Red Hat Bugzilla – Bug 965285
[oo-accept-node] httpd config references UUID without associated gear
Last modified: 2017-11-08 17:14:46 EST
Description of problem:
oo-accept-node is detecting the following issue and throwing the error:
FAIL: httpd config references UUID without associated gear: '519155be5004466472000232'
Gear is deleted in mongo and the user and gear directory are not present but it seems to leave behind some frontend configuration.
sudo grep -r -l 519155be5004466472000232 /var/lib/openshift/.httpd.d
Please send me any mcollective and broker logs pertaining to that gear for analysis. Thanks!
Got the logs - thanks!
Ok, I'm not seeing a cause for this gear to have a lingering front-end configuration.

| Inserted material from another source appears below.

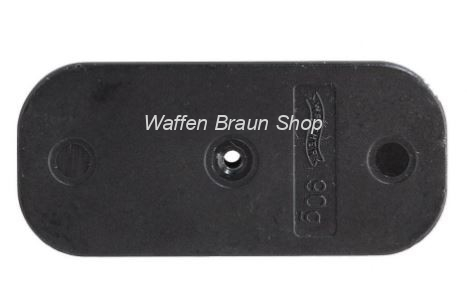Walther Vorderschaftgewicht 90 g für LG300 Schwarz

The new rhc-fix-stale-frontend script can accept a uuid as an argument. It will go to production at the end of this sprint but should work if its copied to the ex node early to get rid of this gear.
I believe there's nothing else that can be done for this ticket so closing it as errata (use the new rhc-fix-stale-frontend). Please re-open if you would like it explored further.
We're seeing around 4 new of these daily in PROD.
Please take a look again at what could possibly be causing this.
It seems to be happening sporadically on gear destroy. Also, this is the only thing left of the gear.
Lets pick the most gear that exhibits this problem and send all of the following:
1. Any broker logs pertaining to that application.
2. The mcollective logs from that ex node.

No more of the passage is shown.